Monday, June 21, 2021

Expensive things, road taxes

Cars are fun and we all wanted to get a driving licence and behind the wheel as young’uns. Vroom vroom. They are useful for getting about, racing, picking up girls, doing the shopping, racing, speeding and racing.

They cost a lot to buy (unless your parents shelled out) and they are expensive to maintain. Then comes the taxes on them. There’s the garage tax, the petrol tax, the road tax, the wretched ITV and its associate taxes, the motorway tolls, the insurance and the fines for parking in the wrong place or speeding at the wrong moment.

Then there are the fines for driving drunk, or with a phone somewhere near to your ear, or for sticking your elbow out of the window when a traffic cop is low on his monthly quota.

Now Brussels wants Spain, which has been getting rid of its toll roads, to start charging for all and any motorway usage by 2024: to help finance their upkeep, apparently. The argument is that, those who use them should pay for them.

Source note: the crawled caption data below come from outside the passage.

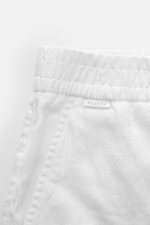 Close-up front-side view of 04651/ A trip in a bag Leinen-Jogpants 'Linen Pants' weiß, showing elastic waistband, typical linen texture, French pockets, and small logo label. Perfect for warm days: Die Leinen-Jogpants von 04651/ A TRIP IN A BAG werden zum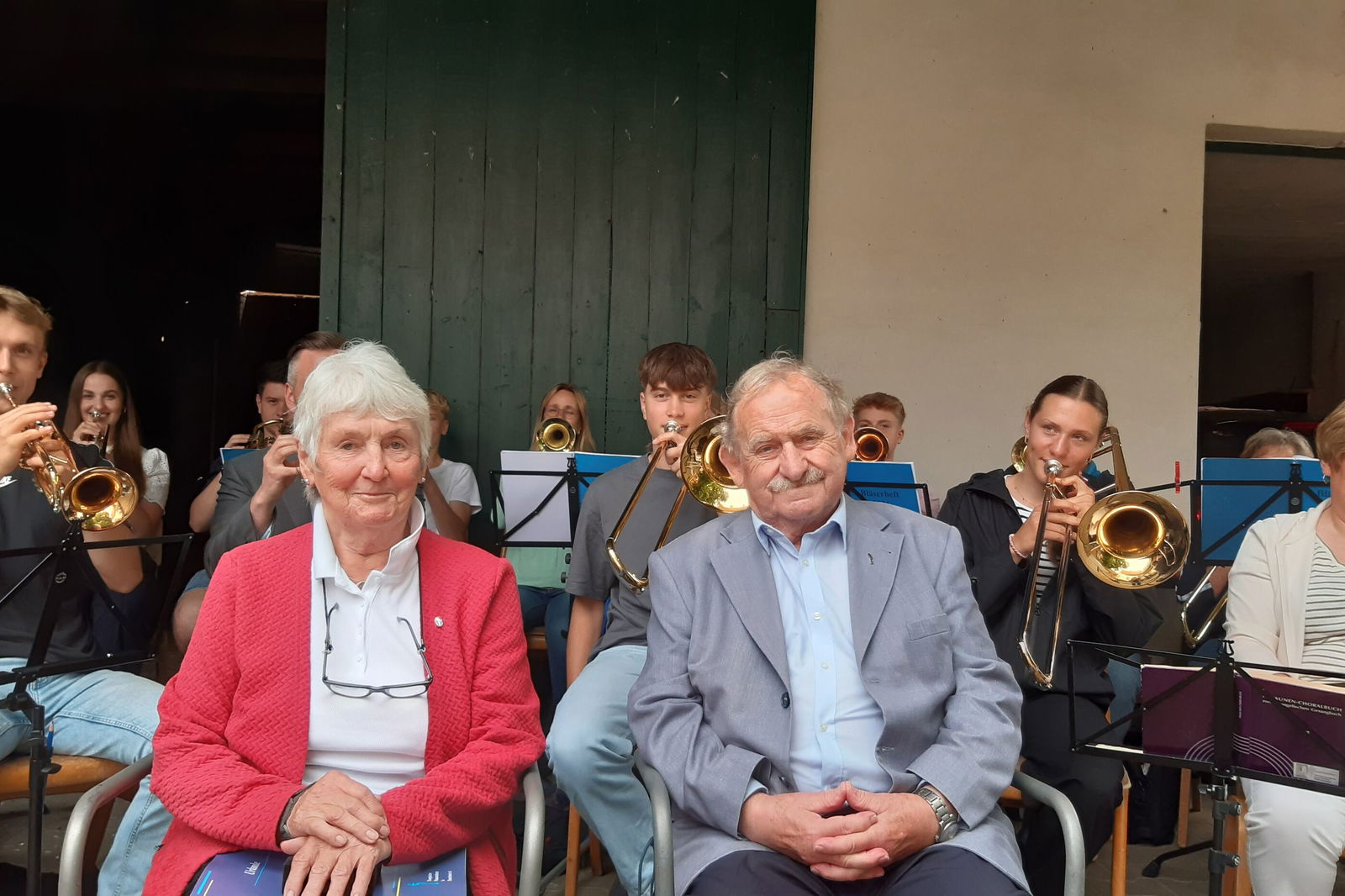 Eine Frau und ein Mann sitzen umringt von anderen Menschen, die applaudieren.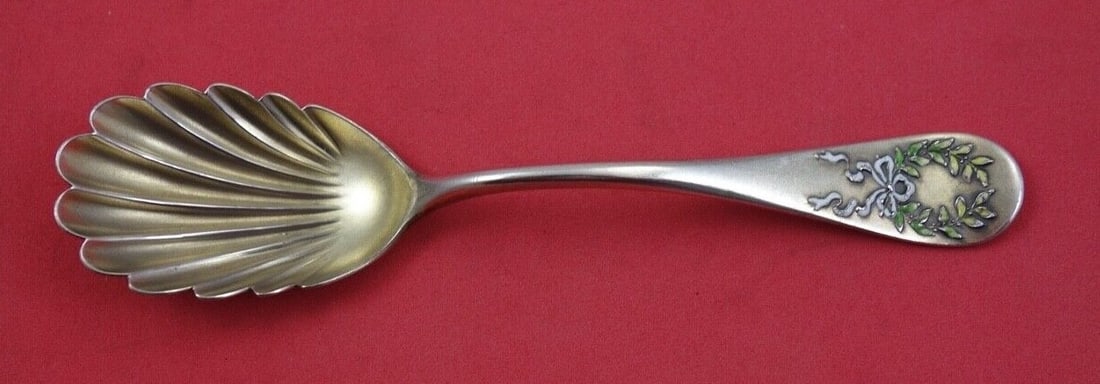 Shiebler Napoleon Sterling Silver Vermeil Sugar Spoon 6 1/8": Shiebler Napoleon Sterling Silver Vermeil Sugar Spoon 6 1/8" This exquisite sugar spoon is crafted from sterling silver and features a stunning vermeil enameled shell design, embodying the elegant Nap
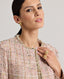 Model wearing the Cece Bouclé Jacket in rose check—a modern, feminine take on a classic suit jacket, crafted from a luxurious linen blend in an elegant rose check pattern. This cropped jacket features frayed edges and a hook-and-eye closure, making it the perfect accompaniment with both jeans and a tee, or teamed with the matching skirt.  Close up side view.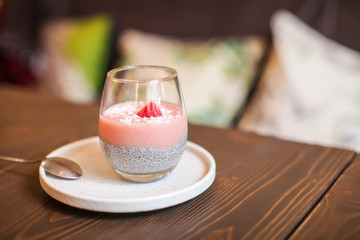 Chia pudding in glass with fresh berry. Superfoods healthy breakfast concept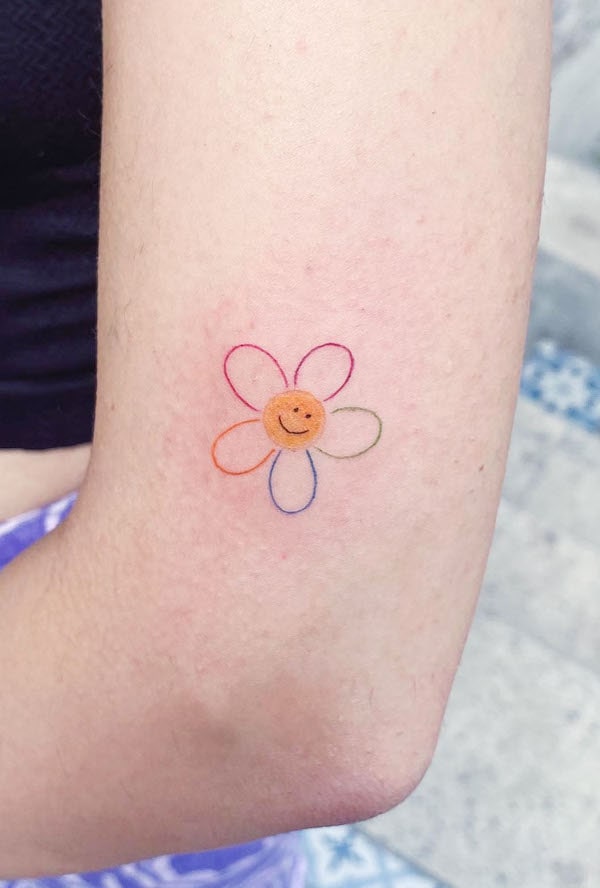 Tatuaggio del gomito con fiori arcobaleno di @berivanis.tatts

Currently, the State receives, between car and petrol taxes, plus the IVA placed on them, 30,888 million euros a year. Plus the fines collected by the insufferable DGT – 374 million euros. Plus what the ayuntamientos get.

Another calculation gives the sum that is spent by the government on roads – building and maintenance – at a rather smaller 2,800 million euros.

Why, that’s not even 10%!

And now they want us to pay for the road-upkeep (the fifteen kilometres on the autovía between Los Gallardos and Venta del Pobre in Almería have been mangled and potholed now for several years, if anyone’s asking)! Something called the Acex – the association of road operators – thinks that 5 cents per kilometre should do it.

Cars are fun, but they are expensive. It’s a great saving to live without one (and hitch a ride from the neighbour).

The long-term future for car-ownership is doubtful. Within a generation from now, they’ll all likely be public-owned (or more likely Amazon-owned) driverless cars which run on a credit-card. Luckily, for the dare-devils, there’ll still be those electric scooters (patinetes) available from the better shops, although now you will have to wear a crash-helmet while trundling along on one at a top-speed of 25kph.